İSMET NEDİM’LE ANILARIM-2 ZEKİ MÜREN’LE ARALARINDAKİ KAVGANIN SEBEBİ NEYDİ?
21 kez
26 Mart 2024 - 18:23
Bugün sizlere, “İsmet Nedim’le anılarım” bölümünün ikincisini sunuyorum.
İsmet Nedim’in, TSM’de 1959 yılından itibaren başlattığı yenilik çalışmaları bir anda büyük bir hayran kitlesinin doğmasına sebep oldu. Bu hayranlarından biri de, devrin tek tabancası Zeki Müren’ndi.
1965 yılında bir gün Ankara Radyosu koridorlarında karşılaşırlar.
Peki, sonra ne olur?
Sözü İsmet Nedim’e bırakalım:
-“O sıralarda, kendime özgü tenör sesim ve yaptığım yeniliklerle halk beni Zeki Müren’le kıyaslamaya başlamıştı. 1965 yılıydı.Bir gün Zeki Bey’in Ankara Radyosu’na yolu düşmüş. Koridorda rastlaştık. Bana aynen şunları söyledi:
““İsmet Nedim Bey, lütfen hayranlarınızın başına benim ismimi yazınız. Musıkimiz zenginleşti. Gerek söz, gerek saz, gerek aralık bakımından…Sizi takdirle anacağım.”
Şöhret basamaklarını öylesine hızlı tırmanmıştım ki, bu durum, TSM’de tek tabanca olan Zeki Müren’in zamanla uykularını kaçırmaya yetti. Zeki Bey o sıralarda her TSM sanatçısının hayalini süsleyen Maksim Gazinosu’nun assolisti idi. Çok iyi bir ses olmasına rağmen, kaprisleri de çekilecek gibi değildi. Bir gün, “Gazinocular Kralı” Fahrettin Aslan’ın karşısına dikilip, resti çekmiş:
“Bu sezon çalışmayacağım!”
Onu bir türlü ikna edemeyen Fahrettin Aslan, 20 kişiden oluşan orkestramla birlikte beni İstanbul’a çağırdı. Sazcılarımı Sirkeci’deki Agan Oteli’ne yerleştirdim.
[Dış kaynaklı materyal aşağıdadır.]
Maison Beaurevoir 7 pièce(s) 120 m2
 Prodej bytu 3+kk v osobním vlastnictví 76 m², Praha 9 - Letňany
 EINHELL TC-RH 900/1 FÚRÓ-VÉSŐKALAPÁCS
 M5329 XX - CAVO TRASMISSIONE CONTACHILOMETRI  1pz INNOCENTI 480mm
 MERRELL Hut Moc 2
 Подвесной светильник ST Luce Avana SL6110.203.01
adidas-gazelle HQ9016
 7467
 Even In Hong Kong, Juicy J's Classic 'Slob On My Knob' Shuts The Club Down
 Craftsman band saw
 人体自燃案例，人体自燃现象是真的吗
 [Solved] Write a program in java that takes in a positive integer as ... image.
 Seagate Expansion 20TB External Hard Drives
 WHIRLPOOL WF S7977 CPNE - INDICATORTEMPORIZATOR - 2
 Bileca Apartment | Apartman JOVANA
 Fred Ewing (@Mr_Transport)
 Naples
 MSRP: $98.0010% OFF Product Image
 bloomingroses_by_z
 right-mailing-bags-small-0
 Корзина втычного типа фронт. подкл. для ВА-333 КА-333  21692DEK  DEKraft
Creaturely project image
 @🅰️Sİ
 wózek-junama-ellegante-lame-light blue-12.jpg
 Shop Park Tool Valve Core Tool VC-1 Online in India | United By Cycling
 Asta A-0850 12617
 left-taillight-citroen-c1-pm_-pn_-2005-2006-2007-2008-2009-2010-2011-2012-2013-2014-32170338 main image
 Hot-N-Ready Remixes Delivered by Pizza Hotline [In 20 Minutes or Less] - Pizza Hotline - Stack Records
Zeynep’le birlikte kalktık ofisine gittik. Zeynep için, “Avukatı mısınız, hanımefendi” diye sordu. “Hayır, eşiyim” deyince, “Memnun oldum efendim”, diye cevap verdi. Neyse, anlaştık, el sıkıştık. Kasadan iki torba kağıdı çıkarıp bana uzattı. Baktım içinde gıcır gıcır mor binlikler. Bin lira, zamanın en büyük banknotu. “Saz arkadaşlarınız nerede?” diye sordu. Ben de Sirkeci Agan Oteli’nde, deyince, onları topla, Cumhuriyet Gazinosu’nda hemen çalışmalara başla, ben de Maksim’de neonlara senin ismini yazdırmaya başlıyorum, dedi. Provalara başladım. Çok heyecanlıyım. Düşünsene Seyficiğim, koskoca Zeki Müren’in yerine Maksim’de sahneye ben çıkacağım. Hazırlıkları izlemek üzere ertesi gün Taksim’e çıktım. Gazinoya uzaktan şöyle bir baktım, Zeki Müren’in yerine kocaman ışıklı neonlara benim adımın harfleri diziliyor; “İsmet Ne…”
Bir prova esnasında beni izlemeye gelen devrin en büyük kadın starı aynı zamanda da Fahrettin Aslan’ın o zamanki eşi Behiye Aksoy, “Ben de bu sazları isterim, İsmetçiğim! Yönetir misin, ben okurken?” diyor. “Tabi ki, ne demek efendim!” diye cevap veriyorum. Sonra, “Zeki Bey de istiyor bu sazları, bana vermek istemiyor. Fahri Bey’e, İsmet Bey’i biraz durdursak da ben bu sazlarla okuyayım” demiş. O gece prova yaparken, tak, bir telefon. Fahrettin Bey arıyor:
-“İsmet Bey gardaşım, çabuk yanıma gel. Başıma gelenleri bilmiyorsun ya…” Kendisi Erzurumlu’dur, aynen bu şekilde konuştu.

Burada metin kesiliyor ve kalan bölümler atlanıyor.